Der harte Kampf um die Stimmen der bayerischen Landwirte

Mit einer Männertasche verabschiedeten sich Kreisbäuerin Angelika Graf (r.) und stellvertretende Kreisbäuerin Monika Wagner von Ministerpräsident Markus Söder.
Philipp Seitz
Philipp Seitz
am Freitag, 10.03.2023 - 14:14

Söder, Hartmann und Aiwanger buhlen um die Gunst der Bäuerinnen und Bauern im Freistaat. Was wird wirklich umgesetzt und was nur versprochen?

München Wie werden die bayerischen Bäuerinnen und Bauern im Oktober abstimmen?
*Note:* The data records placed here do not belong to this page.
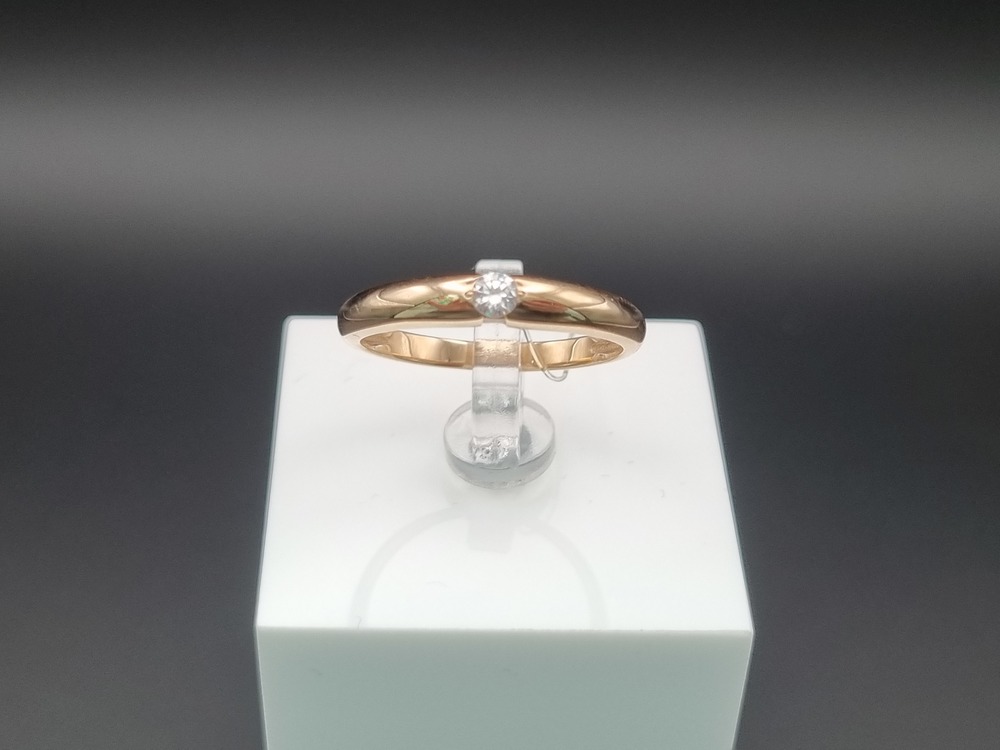 01-7121 КОЛЬЦО С КАМНЕМ (Au 585)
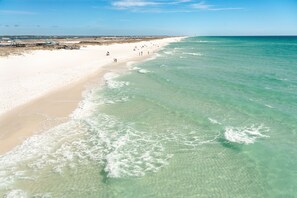 Beach nearby - GREAT RATES at Casa Blanca-Waterfront home in Sailmaker Cove-Navarre Beach (Navarre Beach)
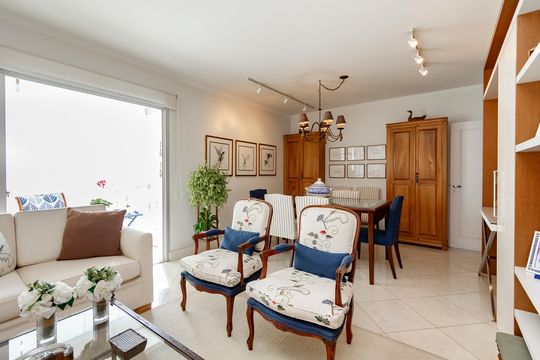 Compra apartamento em Campo Belo com varanda, 3 quartos, ótima localização. — Sala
Für die Parteien ist das im Wahlkampf eine entscheidende Frage. Immerhin rund 105.000 landwirtschaftliche Betriebe gibt es nach Angaben des Bayerischen Bauernverbandes in Bayern. Eine Million Menschen, und damit rund 13 Prozent aller Erwerbstätigen im Freistaat, sind in der Land- und Forstwirtschaft sowie den vor- und nachgelagerten Bereichen tätig. Die Landwirte haben somit bei der Wahl des künftigen Landtags ein deutliches Wort mitzureden.
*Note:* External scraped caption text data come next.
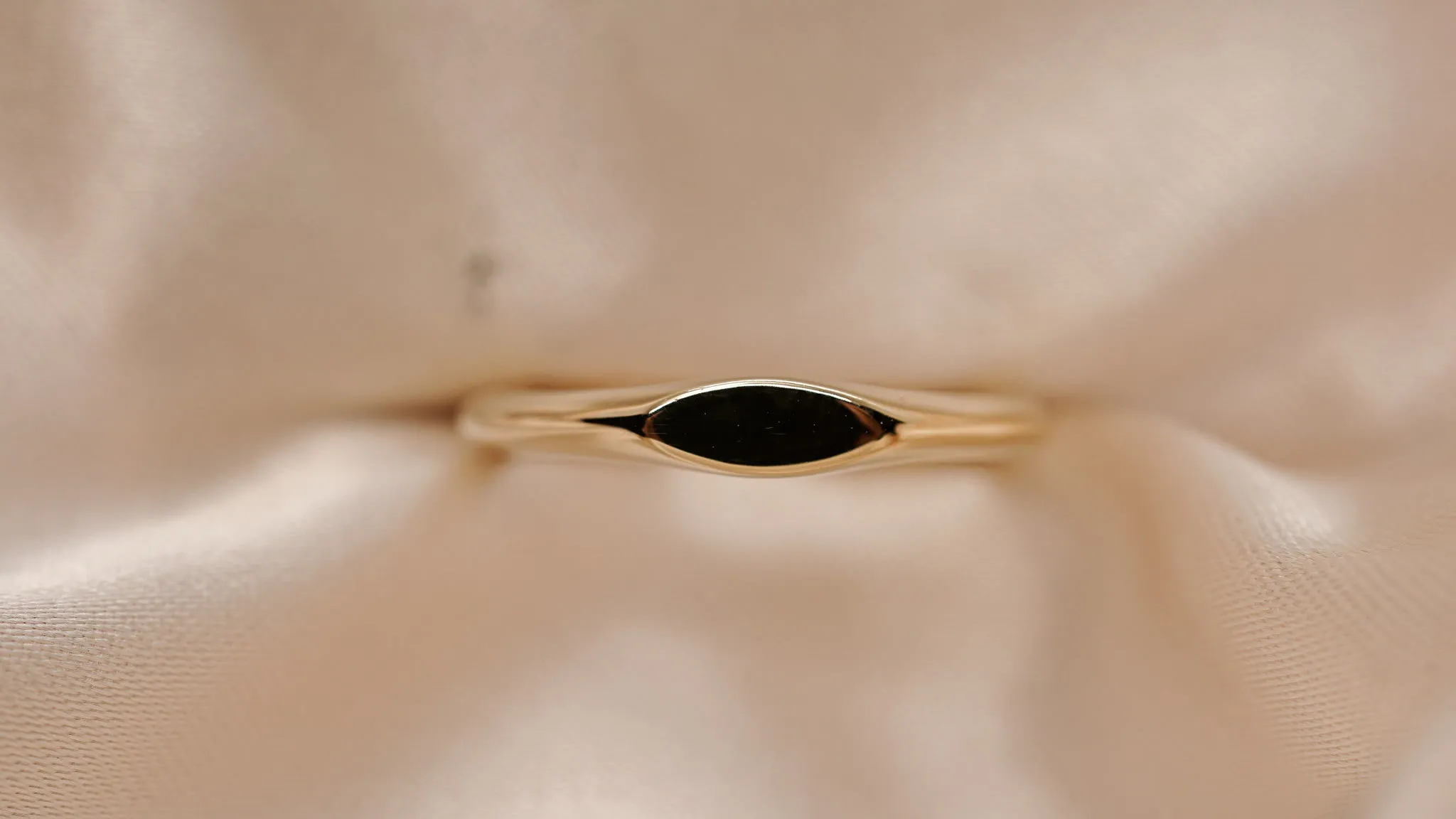 FLOR DOUBLE SIGNET RING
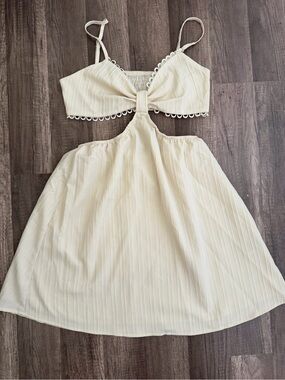 Cream Cutout Sundress with Bow Front - Kids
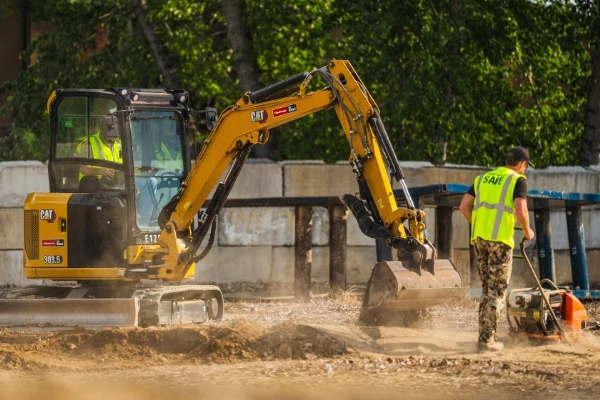 Cat Equipment Rentals at MacAllister Rentals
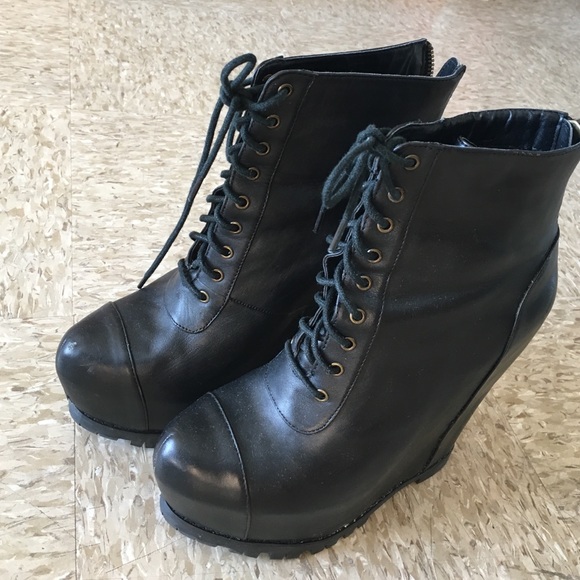 Steve Madden platform booties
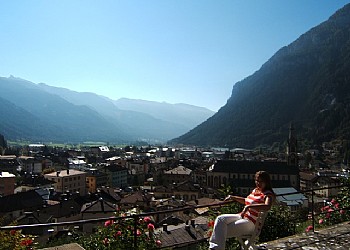Appartamento a Predazzo. Vista panoramica dalla villa sulla catena del Lagorai e Cermis.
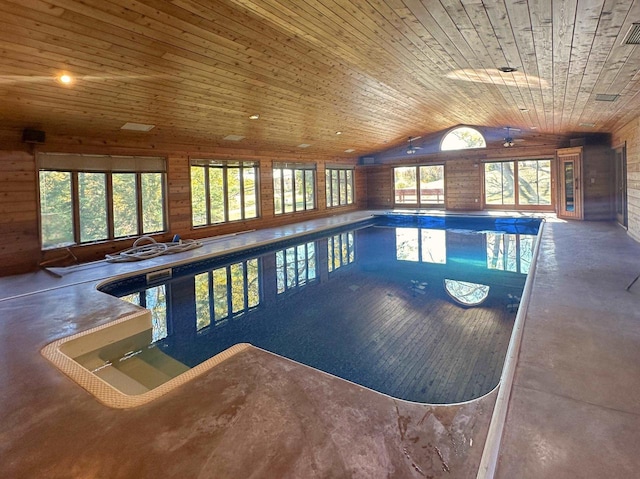6641 N Kennedy Rd, Milton, WI 53563 - view of indoor pool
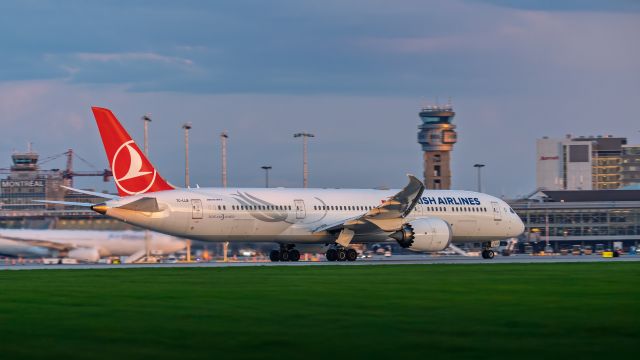 Boeing 787-9 Dreamliner (TC-LLB) - Taking off from YUL to Istanbul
Das wissen auch Markus Söder (CSU), Ludwig Hartmann (Grüne) und Hubert Aiwanger (FW). Sie haben sich kürzlich ein Fernduell geliefert: Söder und Aiwanger traten bei Landfrauentagen auf, Ludwig Hartmann bei einem Kreisbauerntag. Das Wochenblatt zeigt, mit welchen Themen und Versprechen die Spitzenkandidaten bei den Bäuerinnen und Bauern punkten wollen.
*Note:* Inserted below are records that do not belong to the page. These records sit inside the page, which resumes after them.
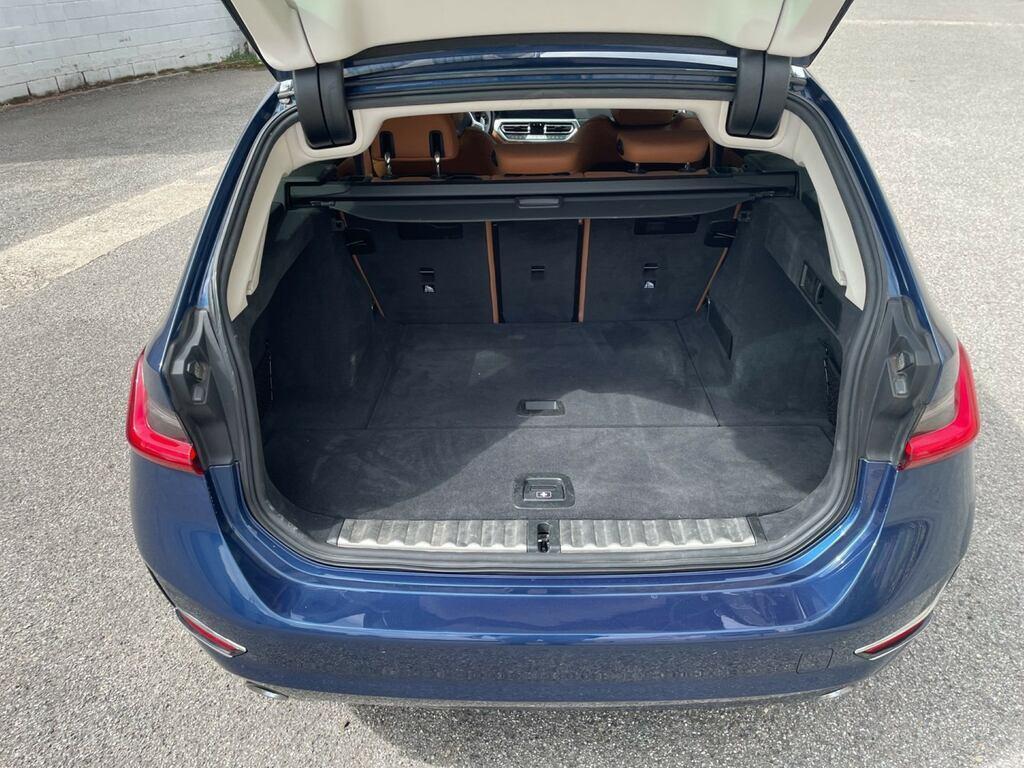 BMW Serie 3 Touring 320 d Mild Hybrid 48V Luxury xDrive Steptronic
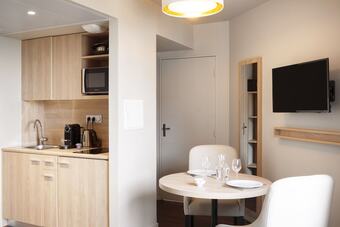 Hotel Residhome Paris Clamart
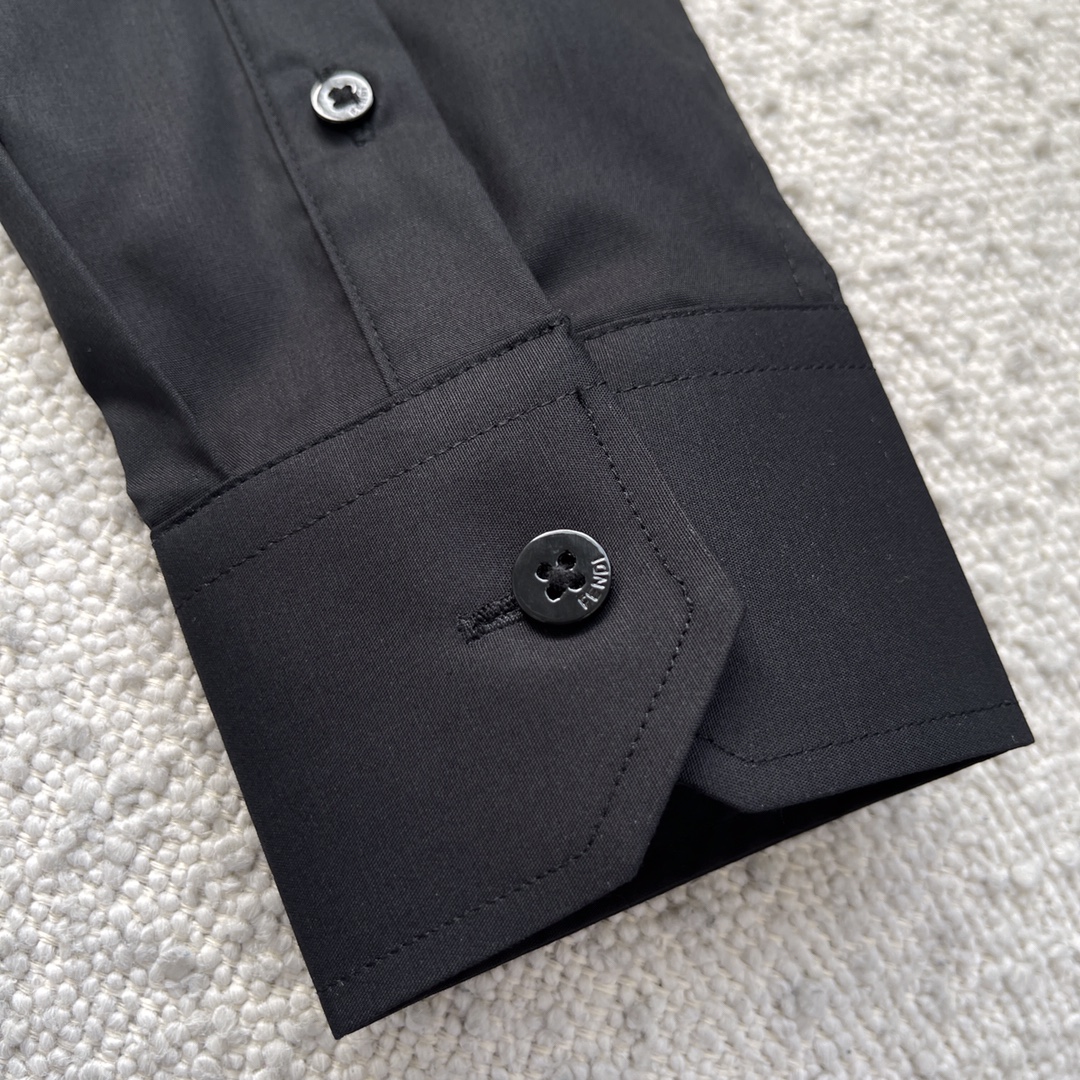 FEND 刺绣小logo府绸衬衫。暗扣百搭款，订织府绸全棉面料，珍珠母贝壳扣，面料舒适透气。颜色:白色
CSU: Markus Söder fordert eine Zeitenwende

Nichts Geringeres als eine „Zeitenwende“ für die Landwirtschaft fordert der bayerische Ministerpräsident und CSU-Spitzenkandidat Markus Söder. Er ist seit März 2018 Ministerpräsident des Freistaates und somit seit immerhin fünf Jahren im Amt. Es brauche dringend mehr Anerkennung für den ländlichen Raum, die Landwirtschaft und deren Produktionsweise. „Tradition und Moderne – in Bayern geht beides“, sagte Söder, der den Landfrauentag im niederbayerischen Geisenhausen (Lks. Landshut) besuchte.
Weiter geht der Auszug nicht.